All the above is precisely why initiatives like My Body Back are imperative. The clinic will be custom-built to the personal needs, concerns, and preferences of survivors of sexual violence. It will offer an introductory session with an advisor, during which time patients can specify what body positions they're comfortable in and which phrases they do and don't want the clinician to use, which, as Amara explains, "enables them to really take control over something that's going to happen to them physically."

Women have control over even the finest of details at the clinic—everything from music is playing to which cushions and blankets are used. Aromatherapy was mentioned, too. More importantly, though, those who feel uncomfortable being examined will be provided with self-testing kits. Women's needs, Amara stresses, "come first."

"This is something which women deserve," she continues. "After sexual assault, you've already been through enough. You don't need to be worrying for ages about whether you've got an infection on top of everything else."
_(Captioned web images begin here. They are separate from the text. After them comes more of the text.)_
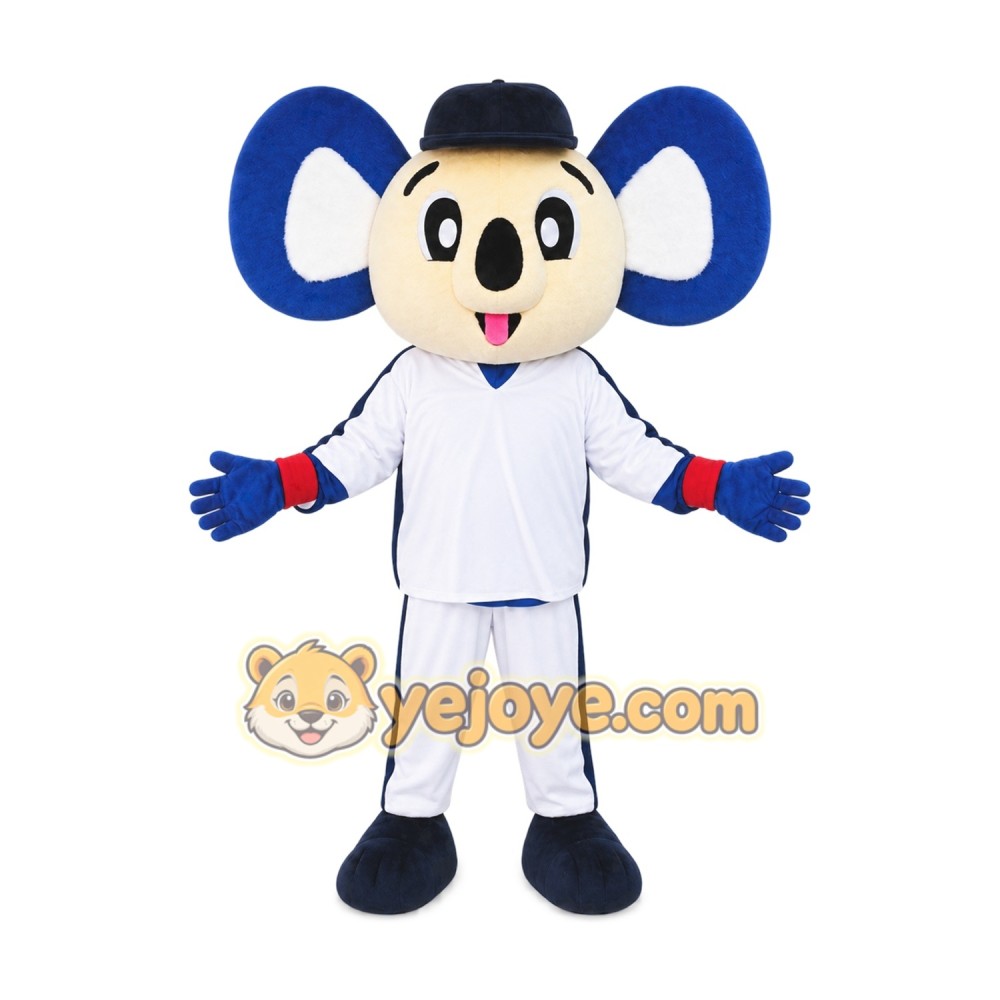 Big Koala Animal Mascot Costume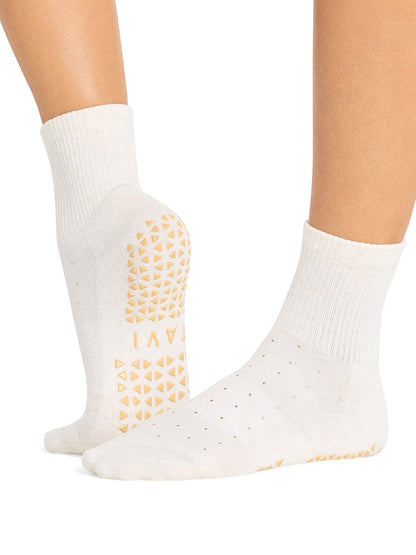 [TAVI by TOESOX] Aria Grip Socks / Yoga Pilates Anti-Slip Socks 25SS_D1 2501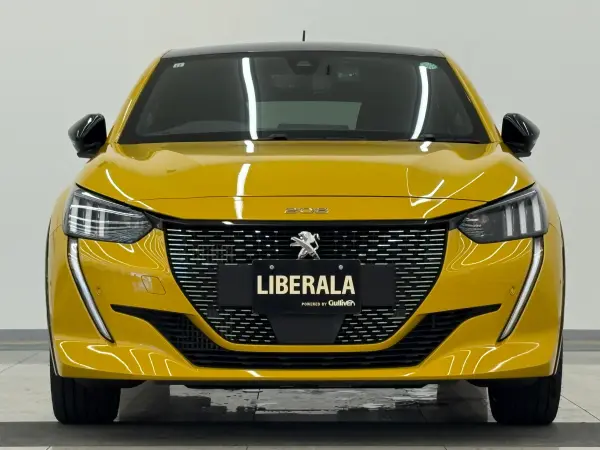 2021 Peugeot 208 — photo 8 | Tuminion Kenya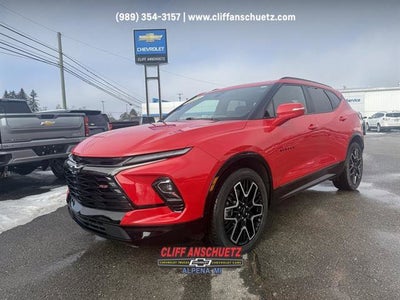 2023 Chevrolet Blazer RS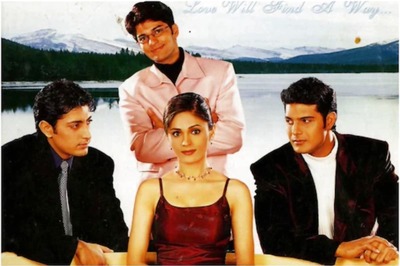 20 Years of Tum Bin: Here's What Actors Priyanshu Chatterjee, Sandali Sinha are Doing Now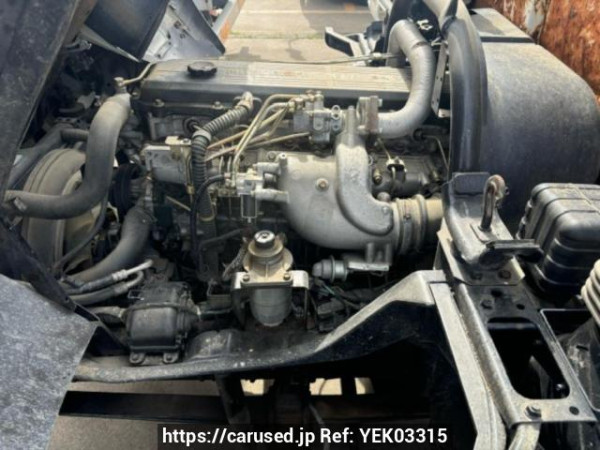 Used 2000 MT mitsubishi-fuso fighter-mignon FH21GC Image[7]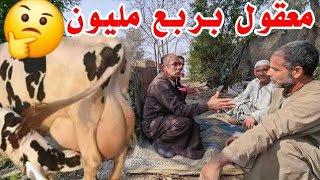 التجار وكلنها ولعه والفلاح لما شاف الربع مليون اغمي عليه والله الضرب في الميت حرام الله يعوض عليه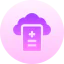 Cloud storage 图标 64x64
What Amara says sounds like crystal clear common sense. It makes you think: given how prevalent sexual assault is, how have we managed to get this far without such specialist services of this kind? How on earth can women be expected to try and recover after being raped if no one is offering the bespoke support, patience, and care they really need? The experience of rape is not a universal. Every woman is different. Every woman will recover differently. But how do we know how to help each individual unless we ask?

This is precisely what makes My Body Back different, so urgently needed—a health center that will ask women what works for them, not asking them to be malleable to the support framework that currently exists, or, more plainly, "get over" rape like you'd "get over" a broken bone. Because as Amara and so many other victims know, that's an impossible reality.